MATERIAL PROVIDED -
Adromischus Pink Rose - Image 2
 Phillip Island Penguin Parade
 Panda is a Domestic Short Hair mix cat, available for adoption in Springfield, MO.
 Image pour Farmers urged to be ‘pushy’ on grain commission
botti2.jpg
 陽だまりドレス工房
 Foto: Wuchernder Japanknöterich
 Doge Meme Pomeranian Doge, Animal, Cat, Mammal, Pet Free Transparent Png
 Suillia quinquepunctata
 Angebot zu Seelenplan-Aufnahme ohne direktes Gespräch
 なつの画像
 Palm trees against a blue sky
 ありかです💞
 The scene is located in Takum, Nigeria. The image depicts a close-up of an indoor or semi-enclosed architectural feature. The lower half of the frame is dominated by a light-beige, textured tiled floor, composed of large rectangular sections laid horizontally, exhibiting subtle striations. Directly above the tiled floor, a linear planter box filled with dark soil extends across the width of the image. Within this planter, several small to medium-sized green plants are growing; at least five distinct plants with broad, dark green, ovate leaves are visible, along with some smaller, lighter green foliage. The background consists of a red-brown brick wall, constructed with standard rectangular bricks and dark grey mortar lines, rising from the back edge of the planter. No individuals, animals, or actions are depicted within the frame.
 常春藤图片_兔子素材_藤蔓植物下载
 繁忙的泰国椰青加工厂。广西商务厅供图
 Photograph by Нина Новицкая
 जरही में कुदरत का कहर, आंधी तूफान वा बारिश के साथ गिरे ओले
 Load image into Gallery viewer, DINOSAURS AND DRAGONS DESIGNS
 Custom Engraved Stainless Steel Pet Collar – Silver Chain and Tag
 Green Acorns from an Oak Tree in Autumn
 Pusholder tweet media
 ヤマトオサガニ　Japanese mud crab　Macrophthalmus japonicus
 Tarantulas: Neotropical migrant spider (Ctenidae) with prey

TASK - Repeat each entry above exactly as shown.

TASK RESULT -
Adromischus Pink Rose - Image 2
 Phillip Island Penguin Parade
 Panda is a Domestic Short Hair mix cat, available for adoption in Springfield, MO.
 Image pour Farmers urged to be ‘pushy’ on grain commission
botti2.jpg
 陽だまりドレス工房
 Foto: Wuchernder Japanknöterich
 Doge Meme Pomeranian Doge, Animal, Cat, Mammal, Pet Free Transparent Png
 Suillia quinquepunctata
 Angebot zu Seelenplan-Aufnahme ohne direktes Gespräch
 なつの画像
 Palm trees against a blue sky
 ありかです💞
 The scene is located in Takum, Nigeria. The image depicts a close-up of an indoor or semi-enclosed architectural feature. The lower half of the frame is dominated by a light-beige, textured tiled floor, composed of large rectangular sections laid horizontally, exhibiting subtle striations. Directly above the tiled floor, a linear planter box filled with dark soil extends across the width of the image. Within this planter, several small to medium-sized green plants are growing; at least five distinct plants with broad, dark green, ovate leaves are visible, along with some smaller, lighter green foliage. The background consists of a red-brown brick wall, constructed with standard rectangular bricks and dark grey mortar lines, rising from the back edge of the planter. No individuals, animals, or actions are depicted within the frame.
 常春藤图片_兔子素材_藤蔓植物下载
 繁忙的泰国椰青加工厂。广西商务厅供图
 Photograph by Нина Новицкая
 जरही में कुदरत का कहर, आंधी तूफान वा बारिश के साथ गिरे ओले
 Load image into Gallery viewer, DINOSAURS AND DRAGONS DESIGNS
 Custom Engraved Stainless Steel Pet Collar – Silver Chain and Tag
 Green Acorns from an Oak Tree in Autumn
 Pusholder tweet media
 ヤマトオサガニ　Japanese mud crab　Macrophthalmus japonicus
 Tarantulas: Neotropical migrant spider (Ctenidae) with prey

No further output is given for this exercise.